Housing prices are up almost 24 percent compared to this time last year.
Those high prices are dashing many people's dreams of home ownership.
If you've been in San Francisco any length of time, you've likely seen once working class neighborhoods change before your eyes.
Today, you'd be hard pressed to find a house in the Outer Richmond District for under the median price of $1.6 million.
And that's killing the dream of homeownership for may locals.
It's a two-bedroom, two-bathroom house built in 1947. So what's the asking price?
And Dan Bonnet of Paragon Real Estate says $1.6 million is the new median price for a house in San Francisco.

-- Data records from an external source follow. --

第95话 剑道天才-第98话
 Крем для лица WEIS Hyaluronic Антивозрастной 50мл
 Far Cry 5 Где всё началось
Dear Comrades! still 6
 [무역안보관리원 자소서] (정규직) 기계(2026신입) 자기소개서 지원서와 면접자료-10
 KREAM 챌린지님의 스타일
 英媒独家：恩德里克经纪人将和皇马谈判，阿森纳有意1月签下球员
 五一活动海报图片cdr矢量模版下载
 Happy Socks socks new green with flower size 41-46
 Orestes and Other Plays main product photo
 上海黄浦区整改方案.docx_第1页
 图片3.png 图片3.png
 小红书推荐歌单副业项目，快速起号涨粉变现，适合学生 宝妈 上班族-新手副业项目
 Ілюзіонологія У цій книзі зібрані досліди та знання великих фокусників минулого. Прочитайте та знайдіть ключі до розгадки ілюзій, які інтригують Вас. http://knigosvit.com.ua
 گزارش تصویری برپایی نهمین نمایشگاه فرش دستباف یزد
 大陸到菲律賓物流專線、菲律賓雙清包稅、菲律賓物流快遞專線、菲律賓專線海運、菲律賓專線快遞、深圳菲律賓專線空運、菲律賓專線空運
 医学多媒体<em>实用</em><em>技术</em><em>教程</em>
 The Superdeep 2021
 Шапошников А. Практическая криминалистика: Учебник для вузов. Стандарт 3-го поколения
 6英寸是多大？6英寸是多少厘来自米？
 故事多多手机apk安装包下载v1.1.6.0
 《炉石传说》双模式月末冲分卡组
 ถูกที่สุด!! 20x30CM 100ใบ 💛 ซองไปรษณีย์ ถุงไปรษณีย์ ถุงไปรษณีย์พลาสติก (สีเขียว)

And while a 1,400-square-foot house in the Castro District that is priced right at the median, he thinks it will likely sell for $2 million or more.
"We know we're going to attract multiple offers, and it's unfortunately the way things are done in San Francisco," Bonnet said.
And that's frustrating for San Francisco natives like Cloud, a 30-something dog trainer who can't afford to buy in the city where she was raised.
What do you think is causing the increase in housing prices?
"Highly overpaid. I guess mostly techies. The people who get free lunches, free massages, free drinks and think it's just normal. That's driving it out of proportion," Cloud said.
Bonnet believes the problem is inventory, due in part to locals who can't afford to move.
Other realtors point to more tech companies setting up satellite offices in the city, combined with high paid tech workers who reverse commute to the Peninsula.
But whether or not they work in tech, another new report out this week found the people moving into the Bay Area are generally younger, more educated and make a lot more money than the people their pushing out. On average, $18,700 more.
Still, San Francisco Mayor Mark Farrell doesn't blame tech companies for skyrocketing prices.
He blames the people opposed to building more housing.
"It's very frustrating when you have people not wanting the city of San Francisco to build more housing. We have to build aggressively here in the city of San Francisco," Farrell said.
Cloud said, "I think he's not paying attention. Its not that we need more housing, it that we need fewer people."
Realtors point out that building new housing stock would likely be in the form of condos, which haven't see as steep of a price hike as these single family homes.
The median condo price is still under $1.2 million and only increased 4.6 percent since last year.
But keep in mind, all of these prices are generally higher in the second quarter of the year and experts expect these median prices to rise.